* Exercise data *
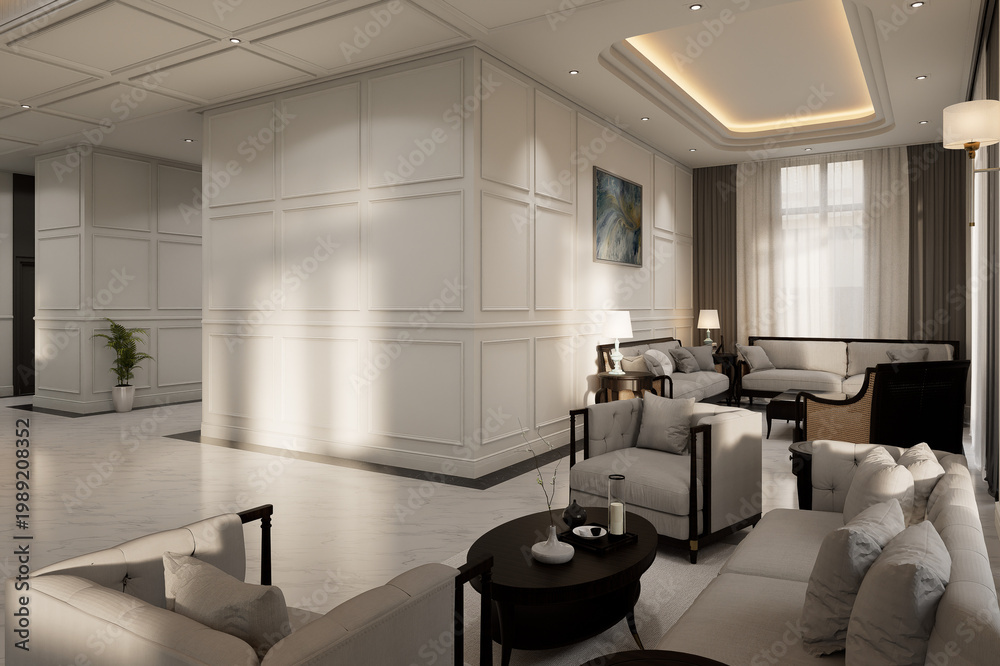Fototapeta premium 3D Rendering interior design Luxurious hotel reception area, white marble flooring, and classic European-inspired decor, creating a refined and welcoming atmosphere.
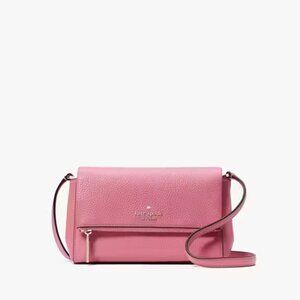 NWT Retail $329 Kate Spade Leila Flap Zip Crossbody Blossom Pink Pebbled Leather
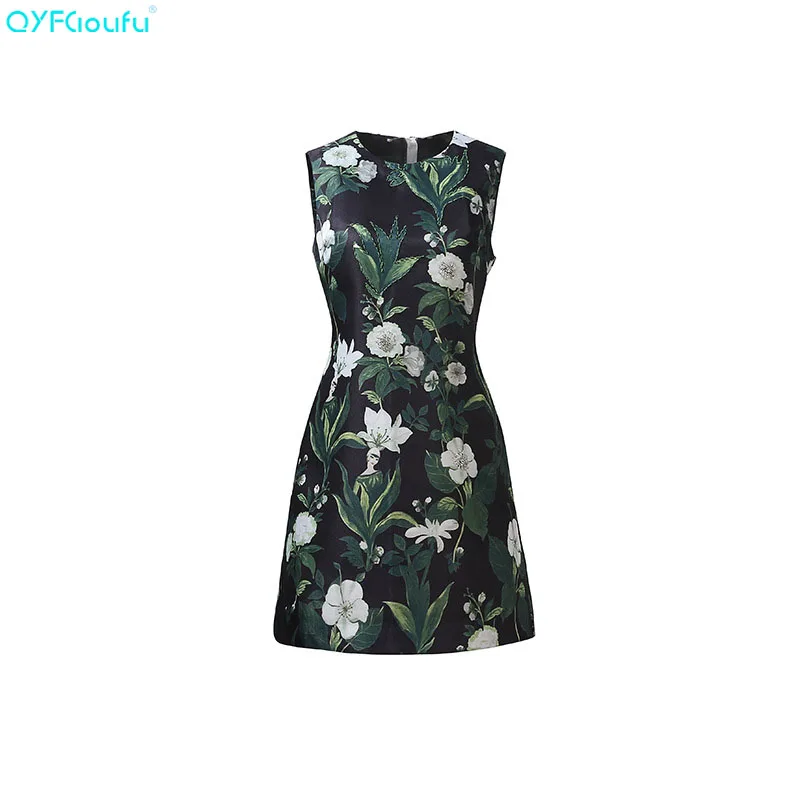 

QYFCIOUFU Fashion Designer Runway Animal Dress Women's Sleeveless Sequin Beading Jacquard Floral Print Vintage Casual Dress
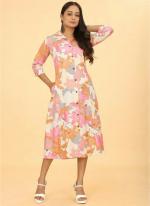 Rayon Multi Colour Casual Wear Printed Readymade Dress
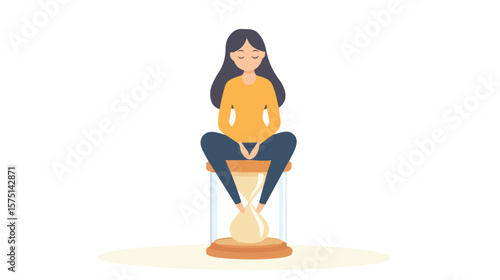 Girl Sitting on Hourglass - Vector Illustration
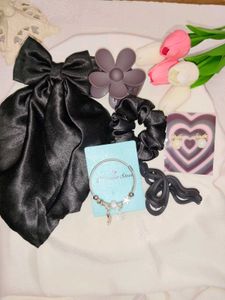 Chic Black Satin Bow &amp; Hair Clips Set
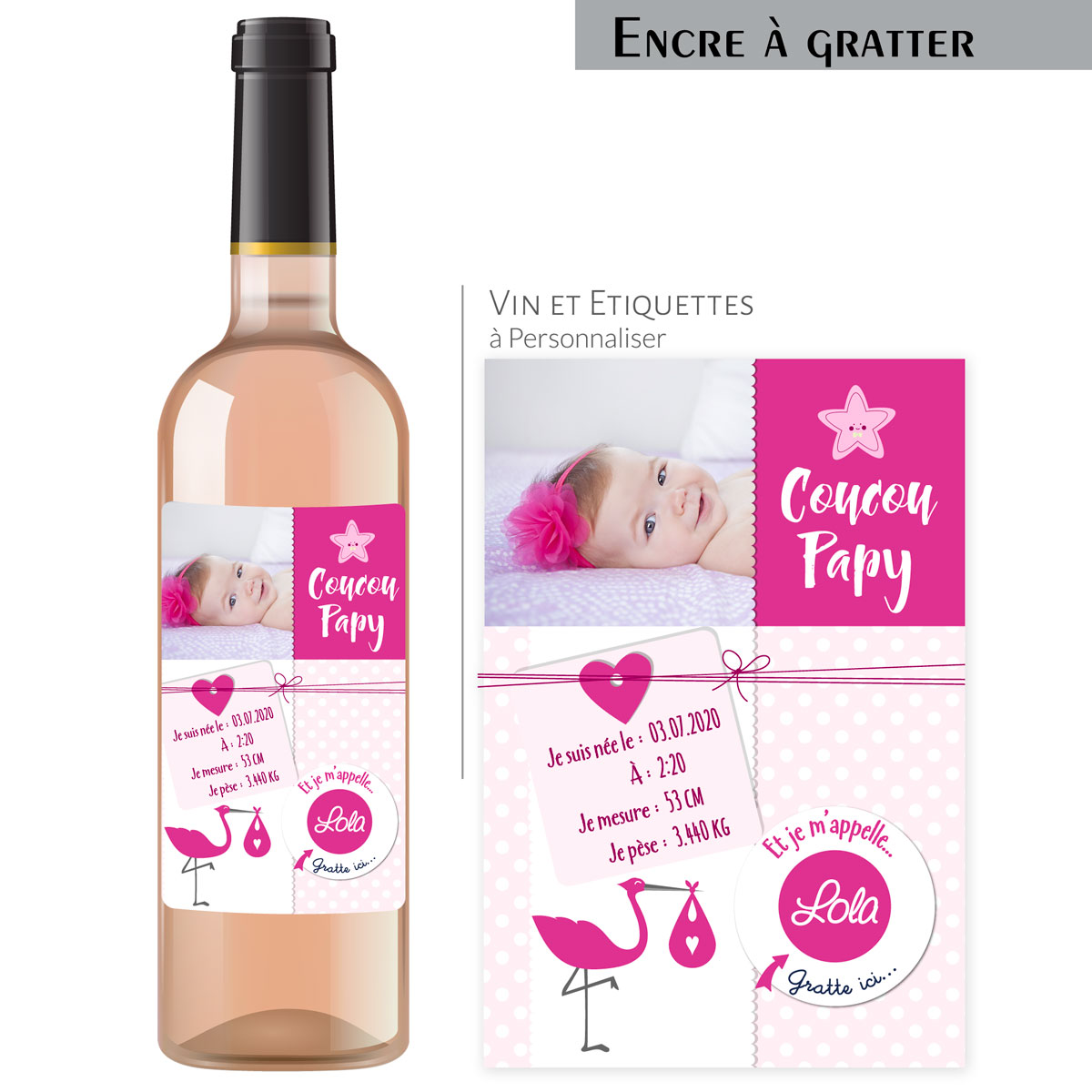 Personnalisé Vin Champagne étiquette Félicitations pour votre nouveau bébé fille garçon rose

* Assignment *
Could you restate the material word for word, skipping any pictures it holds?

* Solution to the problem *
Fototapeta premium 3D Rendering interior design Luxurious hotel reception area, white marble flooring, and classic European-inspired decor, creating a refined and welcoming atmosphere.
 NWT Retail $329 Kate Spade Leila Flap Zip Crossbody Blossom Pink Pebbled Leather

QYFCIOUFU Fashion Designer Runway Animal Dress Women's Sleeveless Sequin Beading Jacquard Floral Print Vintage Casual Dress
 Rayon Multi Colour Casual Wear Printed Readymade Dress
 Girl Sitting on Hourglass - Vector Illustration
 Chic Black Satin Bow &amp; Hair Clips Set
 Personnalisé Vin Champagne étiquette Félicitations pour votre nouveau bébé fille garçon rose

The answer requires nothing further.